* Activity *
Without the pictures, write the listing out again exactly as it appears.

* Supplied data *

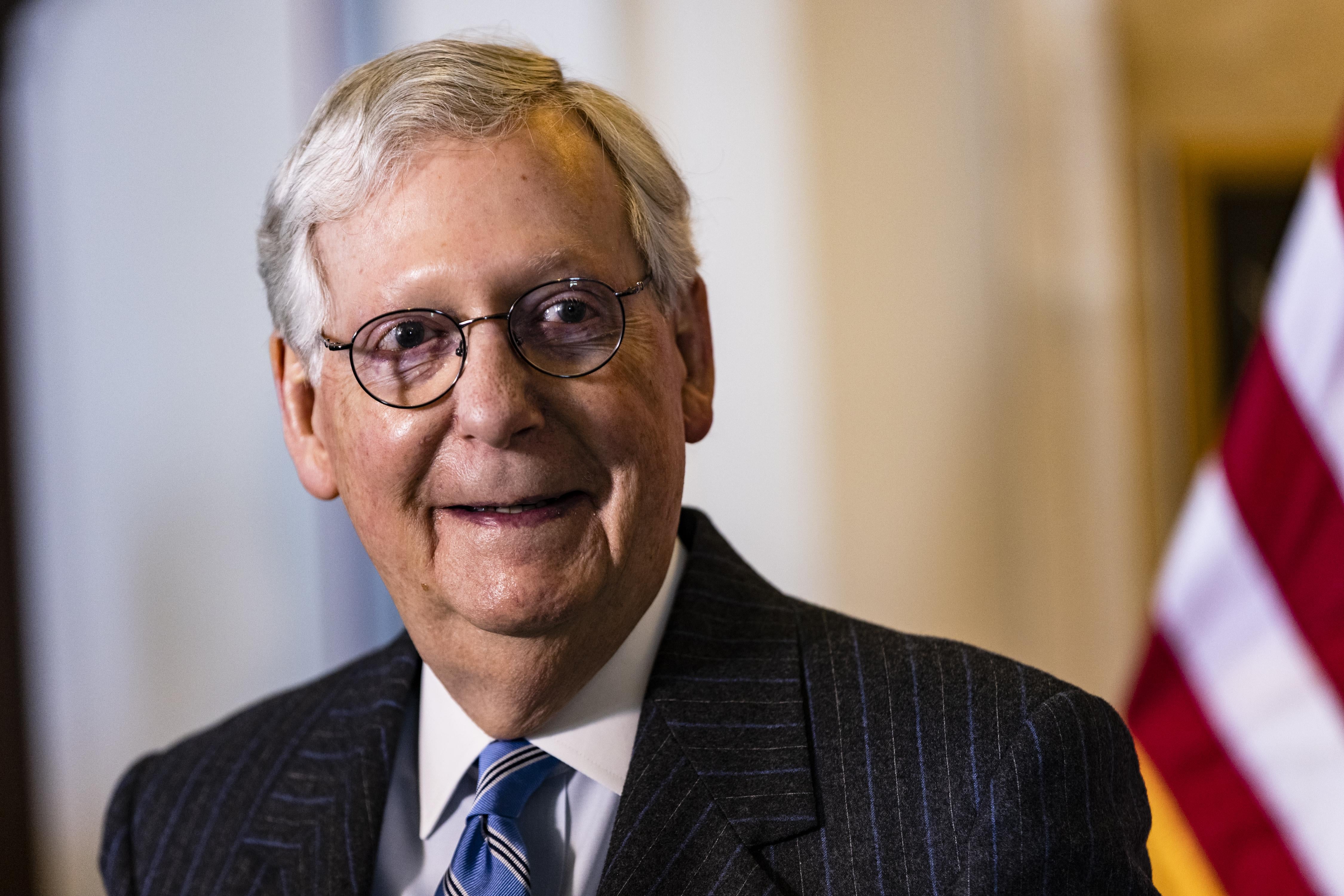 Mitch McConnell smiles.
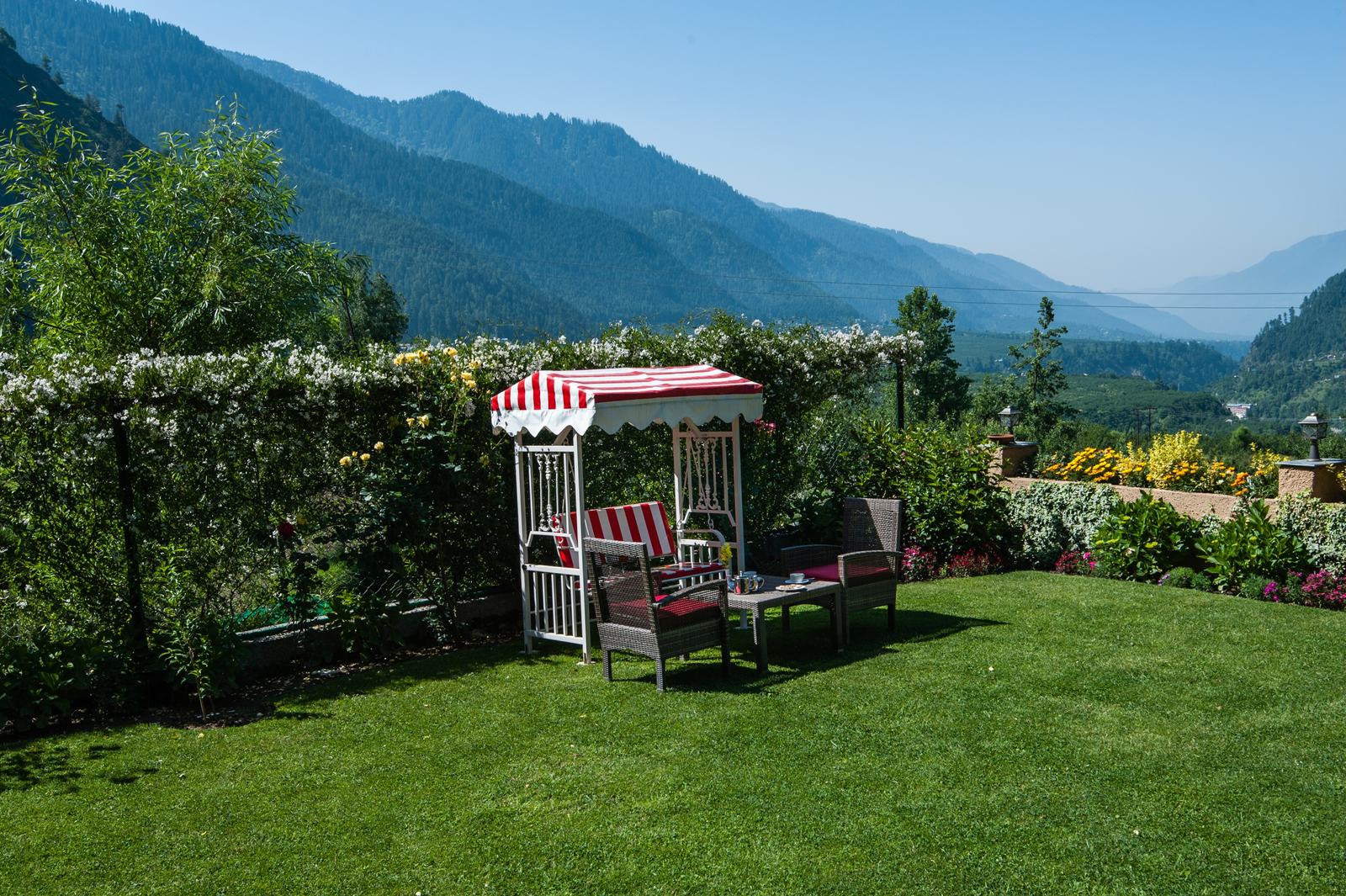 Garden swing and chairs facing the Kullu valley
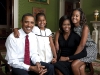 President Barack Obama, First Lady Michelle Obama, and their daughters, Malia and Sasha, sit for a  family portrait in the Green Room of the White House, Sept. 1, 2009.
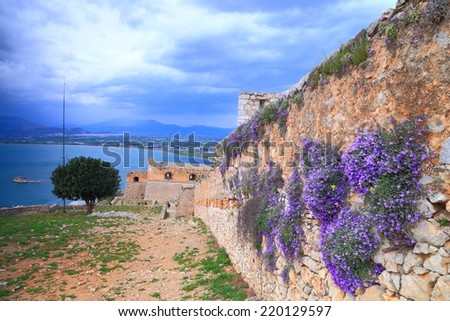 Cloudy sky above the blue flowers and walls of the Palamidi Castle, Nafplio, Greece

* Answer to the exercise *
 Mitch McConnell smiles.
 Garden swing and chairs facing the Kullu valley
 President Barack Obama, First Lady Michelle Obama, and their daughters, Malia and Sasha, sit for a  family portrait in the Green Room of the White House, Sept. 1, 2009.
 Cloudy sky above the blue flowers and walls of the Palamidi Castle, Nafplio, Greece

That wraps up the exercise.